Residents of Harrison try to fight their reputation as the small town with the most hate groups in America

It's impossible to have a conversation about race in the town of Harrison, Arkansas, without talking about the yellow billboard.
Timothy Bella

Thomas Robb lives 15 miles from downtown Harrison, Arkansas, past churches with signs speaking of God’s righteousness, a goat farm and a slew of rusted trailer homes. His home is a collection of nondescript white cottages that includes an office and a meeting place for the Christian Revival Center, where he serves as pastor. The buildings stretch across several acres — but don’t call the property a compound.

“It’s my home, not a compound,” Robb says, correcting a reporter with a smile. “The word ‘compound’ has such a negative connotation.”
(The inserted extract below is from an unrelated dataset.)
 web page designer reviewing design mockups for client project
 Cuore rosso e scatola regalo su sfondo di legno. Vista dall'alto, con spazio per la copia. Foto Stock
Robb and his wife moved to the area 43 years ago from Tucson, Arizona: “You could see the handwriting on the wall of Arizona being a dumping ground for illegal aliens.” The stronger morals of people in Arkansas, he says, made the state a more attractive home for his Thomas Robb Ministries and the Christian Revival Center, which espouse a white-supremacist, “Christian-identity” theology. For the last 25 years, he’s also been the national director of the Knights of the Ku Klux Klan, the group founded by prominent Klan leader and former Louisiana politician David Duke. In that role, Robb has attempted to advance the white-nationalist movement by portraying the Klan, in the words of one journalist, as more “gentle, upbeat and friendly” — an approach that’s sometimes frowned upon by other Klan members for being too mainstream.

Despite living in the town of Zinc, population 104, Robb has his mailing address in Harrison. That’s become a point of contention for the Harrison Community Task Force on Race Relations, which is trying to turn around Harrison’s reputation as a racist community. While Harrison has been included in Norman Crampton’s 100 Best Small Towns in America in recent years, it also holds the unofficial title of America’s most hateful small town. In March, the Southern Poverty Law Center, a national nonprofit civil rights organization, released its hate map of the bases of 939 hate groups active in the United States last year. With its seven hate groups, ranging from Robb’s KKK to a racist music group (whose members include two of Robb’s granddaughters), Harrison was atop the list for small towns.

Thomas Robb's property in rural Arkansas includes this building that serves as the administrative office for his group, Knights of the Ku Klux Klan.
Cole Lansden

For people like Mike Hallimore, leader of Kingdom Identity Ministries, another Harrison-based group on the list, the recognition is welcome. “Harrison has the image that it’s a white-racist town, and I’m glad the town has that image,” he says. “It probably prevents some of the nonwhites from settling here.”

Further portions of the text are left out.